At the centre of his agenda is Uganda’s target of building a $500 billion economy. “We shall relentlessly execute the tenfold growth strategy to turn Uganda into a 500 billion-dollar-economy,” Musasizi told the meeting, referencing the government’s broader push to roughly double the size of the economy every five years on the way to that target by 2040.
The minister said he intends to overhaul the culture inside his own ministry as a second pillar of his agenda. “We shall shift the Ministry culture from spending money to enforcing results,” he said, adding that he would demand strict budget discipline, push aggressive procurement reforms and require rigorous value-for-money audits on public projects.
A third pillar centres on revenue mobilisation. Musasizi said the ministry would implement its second domestic revenue mobilisation strategy with the aim of raising Uganda’s revenue-to-GDP ratio to at least 20%, reducing the country’s reliance on external borrowing — a priority that comes as Uganda’s public debt stood at roughly 48.4% of GDP by June 2026.
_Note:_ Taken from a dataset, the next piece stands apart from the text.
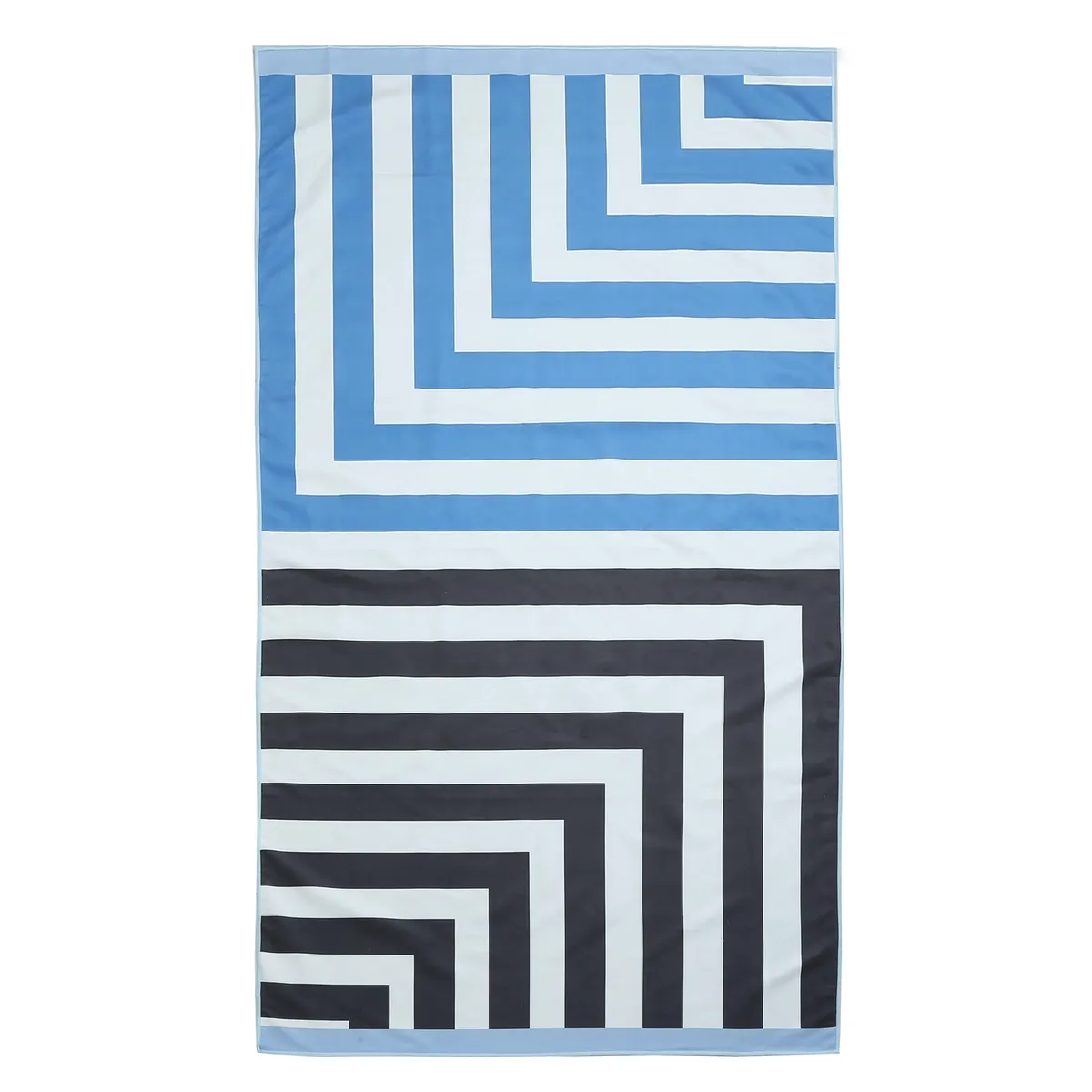 JUST HOME COLLECTION - Toalla Playa 200 gr Poliéster 80x160 cm Multicolor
The fourth pillar ties his ministry’s work to President Museveni’s wealth creation agenda. Musasizi said the ministry will prioritise funding and tracking the commercialisation of smallholder farmers, with the goal of bringing every Ugandan into the money economy.
The fifth pillar addresses Uganda’s emerging oil sector. “We shall manage our impending oil revenues with bulletproof institutional guardrails,” Musasizi said, adding that oil revenue would be channelled into infrastructure development. He said the objective is for Uganda to become an oil producer without becoming an oil-dependent economy.
Musasizi delivered Uganda’s national budget for the 2026/27 financial year on 11 June, projecting growth of 10.2% — the country’s fastest pace in decades — driven in large part by the start of commercial oil production. Analysts have said his tenure begins at a demanding moment for Uganda’s public finances, with the ministry needing to expand the tax base without undermining private sector growth, manage elevated public debt, and ensure government programmes are funded on schedule.